The reply should hold nothing except the lines from the one with "Slide: The Image" through the end of the entries, duplicated exactly and with no pictures.

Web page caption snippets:
________________________

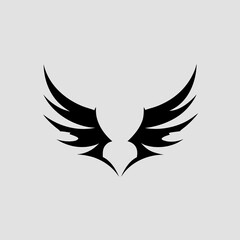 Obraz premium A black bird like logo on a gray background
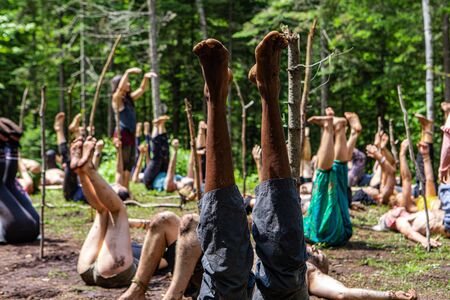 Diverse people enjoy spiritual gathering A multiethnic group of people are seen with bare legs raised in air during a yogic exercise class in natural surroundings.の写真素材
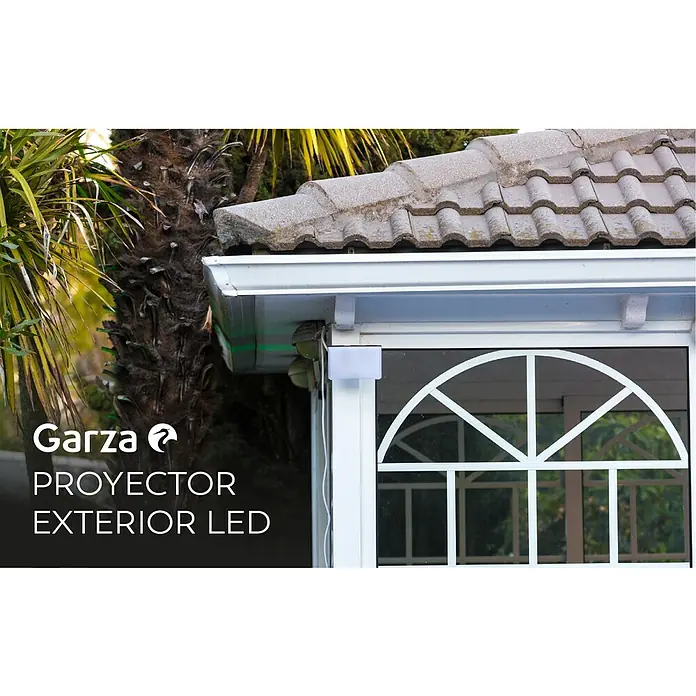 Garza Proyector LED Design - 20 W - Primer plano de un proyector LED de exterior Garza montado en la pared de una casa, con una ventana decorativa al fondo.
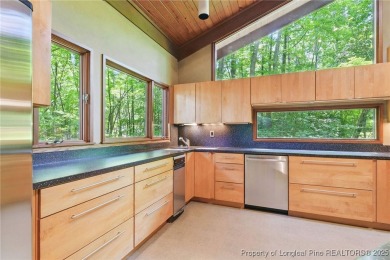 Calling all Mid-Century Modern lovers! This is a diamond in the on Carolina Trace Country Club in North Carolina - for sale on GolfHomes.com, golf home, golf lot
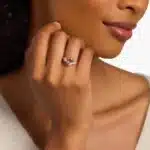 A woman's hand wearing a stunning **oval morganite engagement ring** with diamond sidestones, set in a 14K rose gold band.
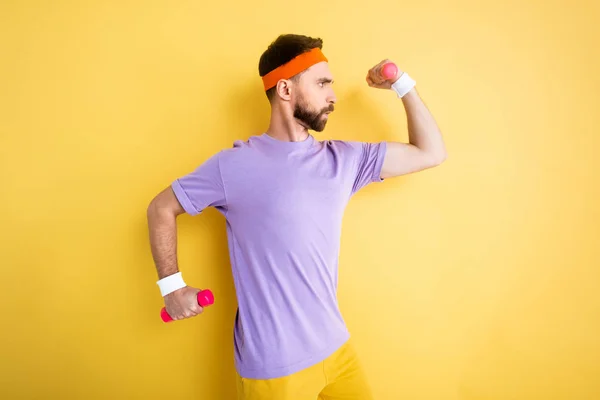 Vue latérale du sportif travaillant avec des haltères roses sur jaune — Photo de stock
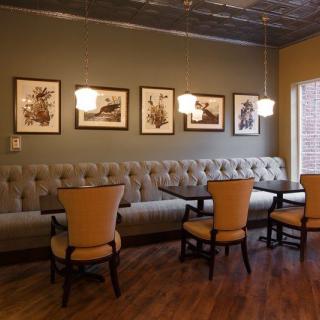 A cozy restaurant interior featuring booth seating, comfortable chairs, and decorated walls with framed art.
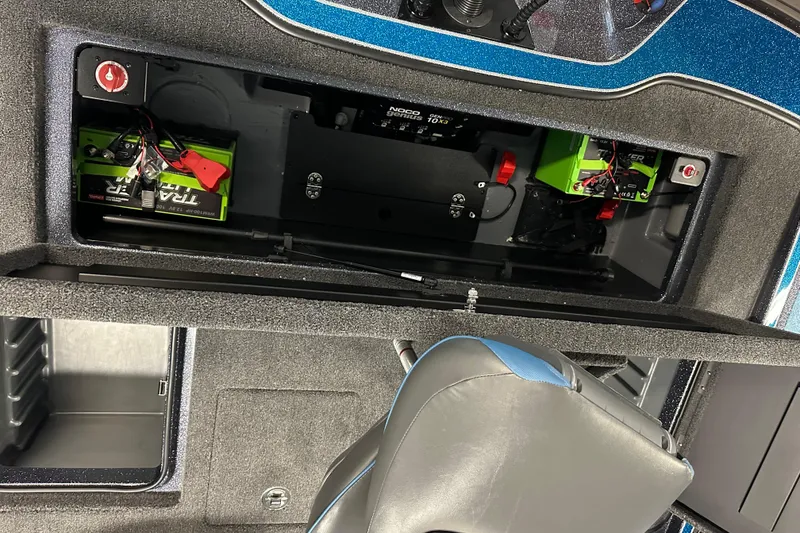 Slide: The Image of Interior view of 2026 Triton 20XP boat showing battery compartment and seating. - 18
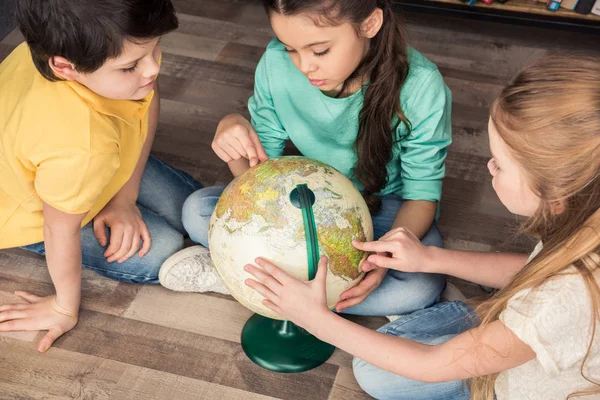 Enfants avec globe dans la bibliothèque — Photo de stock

________________________

Written response »
 Slide: The Image of Interior view of 2026 Triton 20XP boat showing battery compartment and seating. - 18
 Enfants avec globe dans la bibliothèque — Photo de stock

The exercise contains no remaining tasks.